Clustering in an unsupervised set-up.
Here, we assume that the leukemia data are unsupervised—i.e., the number of different classes of tumor and the class of each sample are assumed to be completely unknown. We apply our proposed method to 72 samples. We demonstrate how well our Laplacian clustering method discovers and predicts the tumor class of each sample.

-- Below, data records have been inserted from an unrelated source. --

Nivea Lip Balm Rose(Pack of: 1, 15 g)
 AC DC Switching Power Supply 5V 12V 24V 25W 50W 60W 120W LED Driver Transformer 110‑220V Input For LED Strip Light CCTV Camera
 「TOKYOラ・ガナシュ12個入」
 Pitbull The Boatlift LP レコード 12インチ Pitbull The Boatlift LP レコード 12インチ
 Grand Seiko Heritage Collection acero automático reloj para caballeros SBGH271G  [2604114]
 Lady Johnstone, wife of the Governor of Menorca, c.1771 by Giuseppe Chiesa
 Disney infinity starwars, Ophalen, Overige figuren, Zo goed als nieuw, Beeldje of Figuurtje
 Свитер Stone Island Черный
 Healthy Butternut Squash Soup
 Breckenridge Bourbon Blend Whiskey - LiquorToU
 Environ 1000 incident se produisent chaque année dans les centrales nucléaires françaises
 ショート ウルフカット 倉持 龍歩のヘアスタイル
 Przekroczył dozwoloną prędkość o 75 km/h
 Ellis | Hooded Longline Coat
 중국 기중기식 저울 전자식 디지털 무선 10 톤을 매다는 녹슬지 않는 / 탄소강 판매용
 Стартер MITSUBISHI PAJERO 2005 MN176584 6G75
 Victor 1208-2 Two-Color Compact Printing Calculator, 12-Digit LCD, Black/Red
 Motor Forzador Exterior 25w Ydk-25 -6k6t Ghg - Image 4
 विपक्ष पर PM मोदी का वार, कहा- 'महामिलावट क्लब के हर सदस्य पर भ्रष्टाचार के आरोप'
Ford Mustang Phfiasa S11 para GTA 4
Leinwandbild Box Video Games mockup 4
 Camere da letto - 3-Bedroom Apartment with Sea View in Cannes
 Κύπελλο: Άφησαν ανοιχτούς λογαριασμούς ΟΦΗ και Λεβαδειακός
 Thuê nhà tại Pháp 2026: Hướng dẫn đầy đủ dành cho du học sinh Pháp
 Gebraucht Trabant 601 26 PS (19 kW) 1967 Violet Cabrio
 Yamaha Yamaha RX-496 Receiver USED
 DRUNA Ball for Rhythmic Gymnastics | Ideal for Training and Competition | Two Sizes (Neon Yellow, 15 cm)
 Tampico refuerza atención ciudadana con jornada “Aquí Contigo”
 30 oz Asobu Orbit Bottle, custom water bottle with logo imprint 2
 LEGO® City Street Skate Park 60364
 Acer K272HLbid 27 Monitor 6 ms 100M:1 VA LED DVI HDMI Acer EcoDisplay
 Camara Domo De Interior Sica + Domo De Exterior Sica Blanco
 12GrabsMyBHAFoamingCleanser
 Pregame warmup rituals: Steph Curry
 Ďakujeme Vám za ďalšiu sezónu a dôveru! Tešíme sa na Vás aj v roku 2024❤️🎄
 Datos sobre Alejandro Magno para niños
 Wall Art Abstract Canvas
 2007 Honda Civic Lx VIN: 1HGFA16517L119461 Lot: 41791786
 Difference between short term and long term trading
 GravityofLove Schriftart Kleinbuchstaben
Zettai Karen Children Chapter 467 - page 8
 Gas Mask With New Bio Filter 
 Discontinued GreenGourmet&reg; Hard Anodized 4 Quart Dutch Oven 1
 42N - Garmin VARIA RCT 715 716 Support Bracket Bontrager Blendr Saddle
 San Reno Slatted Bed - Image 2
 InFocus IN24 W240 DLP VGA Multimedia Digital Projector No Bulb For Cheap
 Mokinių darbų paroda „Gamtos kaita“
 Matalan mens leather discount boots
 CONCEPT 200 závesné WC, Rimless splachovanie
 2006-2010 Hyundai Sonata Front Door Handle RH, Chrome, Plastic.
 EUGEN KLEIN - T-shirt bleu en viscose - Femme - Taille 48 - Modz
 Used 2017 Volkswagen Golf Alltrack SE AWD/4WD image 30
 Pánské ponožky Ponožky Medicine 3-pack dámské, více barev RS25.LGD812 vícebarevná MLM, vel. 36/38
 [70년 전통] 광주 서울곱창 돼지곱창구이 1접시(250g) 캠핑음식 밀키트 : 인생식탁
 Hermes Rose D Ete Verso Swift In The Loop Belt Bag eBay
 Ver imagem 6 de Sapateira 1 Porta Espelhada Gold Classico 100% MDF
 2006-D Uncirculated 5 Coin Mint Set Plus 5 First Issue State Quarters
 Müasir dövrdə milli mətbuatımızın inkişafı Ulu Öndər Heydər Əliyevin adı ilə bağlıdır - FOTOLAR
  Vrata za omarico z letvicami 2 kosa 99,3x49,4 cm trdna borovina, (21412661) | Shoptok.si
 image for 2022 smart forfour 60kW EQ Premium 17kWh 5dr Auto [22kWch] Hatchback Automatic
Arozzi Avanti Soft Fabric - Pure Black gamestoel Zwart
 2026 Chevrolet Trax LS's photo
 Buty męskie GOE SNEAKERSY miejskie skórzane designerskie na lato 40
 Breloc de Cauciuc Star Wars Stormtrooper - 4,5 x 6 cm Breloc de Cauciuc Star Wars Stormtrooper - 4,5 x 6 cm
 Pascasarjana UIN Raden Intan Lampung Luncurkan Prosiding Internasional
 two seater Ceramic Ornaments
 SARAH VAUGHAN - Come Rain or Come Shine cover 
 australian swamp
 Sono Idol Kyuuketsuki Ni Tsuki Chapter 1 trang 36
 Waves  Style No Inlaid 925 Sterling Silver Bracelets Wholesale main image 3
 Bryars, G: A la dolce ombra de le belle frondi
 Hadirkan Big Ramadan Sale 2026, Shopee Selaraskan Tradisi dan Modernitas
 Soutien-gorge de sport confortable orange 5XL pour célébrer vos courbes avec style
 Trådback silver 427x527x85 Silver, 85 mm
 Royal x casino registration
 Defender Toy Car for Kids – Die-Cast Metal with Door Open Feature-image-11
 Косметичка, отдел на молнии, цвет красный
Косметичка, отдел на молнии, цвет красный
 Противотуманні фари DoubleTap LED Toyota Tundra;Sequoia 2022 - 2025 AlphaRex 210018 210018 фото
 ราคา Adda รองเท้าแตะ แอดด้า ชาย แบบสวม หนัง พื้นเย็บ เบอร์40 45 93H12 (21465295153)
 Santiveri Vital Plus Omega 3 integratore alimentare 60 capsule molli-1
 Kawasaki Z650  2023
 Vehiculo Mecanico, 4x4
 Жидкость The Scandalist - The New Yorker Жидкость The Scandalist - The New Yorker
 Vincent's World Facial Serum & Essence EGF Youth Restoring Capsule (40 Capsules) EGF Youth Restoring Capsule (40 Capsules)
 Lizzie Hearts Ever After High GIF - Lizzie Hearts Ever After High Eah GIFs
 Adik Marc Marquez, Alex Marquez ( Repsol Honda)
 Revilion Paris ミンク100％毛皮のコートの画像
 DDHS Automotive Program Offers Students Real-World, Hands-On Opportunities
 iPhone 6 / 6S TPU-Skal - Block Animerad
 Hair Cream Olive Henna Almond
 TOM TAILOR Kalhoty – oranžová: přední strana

First, we construct a 3,571 × 72 gene expression matrix X with normalized elements and get a 72 × 72 adjacency matrix A = XTT − I. The criteria of WCC and ANC, defined in Materials and Methods, give the optimal value of δ such that δ = 0.800 for K = 2 and δ = 0.818 for K = 3. We note that the δ = 0.800 for the K = 2 case corresponds to the Type B classification and the δ = 0.818 for the K = 3 case corresponds to the Type C classification, respectively. The elements of each class are the same as those of Golub et al. (3) except for a couple of misclassification. Here, the number of selected essential genes is 50. We also tried 100 and 200 essential genes, and they gave similar results (δ = 0.790–0.802 for K = 2 and δ = 0.812–0.820 for K = 3, respectively). For the K = 2 case (Type B) only two samples (1 and 2) are misclassified of 72 samples, and for K = 3 case (Type C) only two samples (1 and 34) are misclassified. Clustering results based on our proposed method are as good as other clustering methods such as K-means or SOM where the number of different classes had to be predetermined for a reasonable cluster analysis. One thing to note is that the first sample is misclassified in both cases. This sample is also misclassified in the approach of Golub et al. (3). This patient seems to be either an outlier or incorrectly reported so that further examination or follow-up on that patient is required. Fig. 1 shows heat maps for the adjacency matrix for K = 2 (Type B) and K = 3 (Type C), respectively, based on 100 essential genes. We clearly observe two groups in Fig. 1a and three groups in Fig. 1b, whose detailed classification in terms of a connecting network is also shown in Fig. 2.
Fig. 1.
Heat maps for the adjacency matrix for K = 2 (Type B) and k = 3 (Type C), respectively, based on 100 essential genes in the leukemia data.
Fig. 2.
Connection networks for samples in the leukemia data. a and b correspond to Type B and Type C, respectively.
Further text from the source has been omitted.